Lenny Rachitsky writes Lenny’s Newsletter: a weekly newsletter about “product, driving growth, and working with humans.”

He has over 200,000 subscribers, including over a thousand paying subscribes.

Lenny publishes on Substack. He recently tweeted how Substack is now driving 10% of his paid subscriber growth — and 72% of his free subscriber growth.

He ends the tweet off with “Network effects in action”.

And understandably so, given how his growth on the platform is creating the flywheel, network effect of growing his newsletter.

His growth is propelling more growth.

So what does this mean for the 99.9% of newsletter publishers who do not have lists this big?
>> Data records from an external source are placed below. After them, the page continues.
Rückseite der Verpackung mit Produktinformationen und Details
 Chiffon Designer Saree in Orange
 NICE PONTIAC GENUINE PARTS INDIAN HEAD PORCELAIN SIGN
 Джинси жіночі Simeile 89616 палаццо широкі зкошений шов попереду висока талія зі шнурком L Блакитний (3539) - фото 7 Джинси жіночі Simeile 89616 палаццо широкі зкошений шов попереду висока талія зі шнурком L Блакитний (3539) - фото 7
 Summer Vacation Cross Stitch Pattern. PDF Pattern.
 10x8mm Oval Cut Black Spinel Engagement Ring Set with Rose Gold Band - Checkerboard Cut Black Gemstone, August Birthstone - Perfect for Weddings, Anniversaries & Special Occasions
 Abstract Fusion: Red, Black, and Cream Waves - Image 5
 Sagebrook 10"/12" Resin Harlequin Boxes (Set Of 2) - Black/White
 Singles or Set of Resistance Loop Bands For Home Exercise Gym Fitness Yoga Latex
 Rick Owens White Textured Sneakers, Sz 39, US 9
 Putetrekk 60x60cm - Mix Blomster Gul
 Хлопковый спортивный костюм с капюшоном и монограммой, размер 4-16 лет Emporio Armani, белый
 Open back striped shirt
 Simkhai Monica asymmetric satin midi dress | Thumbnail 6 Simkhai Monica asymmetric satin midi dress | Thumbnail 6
Should you switch to Substack to take advantage of their “network effects”? Or if you haven’t launched yet, should you start on Substack?

It seems to be tempting some people:

It comes down to this question: are the network effects on Substack worth the tradeoffs of the platform’s limitations?

Let’s dig in with 4 things you should consider before switching to Substack.

#1 - Substack doesn’t offer automation or sequences

Okay… this isn’t *entirely* true.

Substack provides you with an automated and customizable Welcome Email to your new subscribers. But that’s where the automation ends.

You can’t build email sequences (think launch sequences, email courses, etc). You can’t automate anything.

And that’s because Substack isn’t an email marketing platform. It’s a newsletter media platform.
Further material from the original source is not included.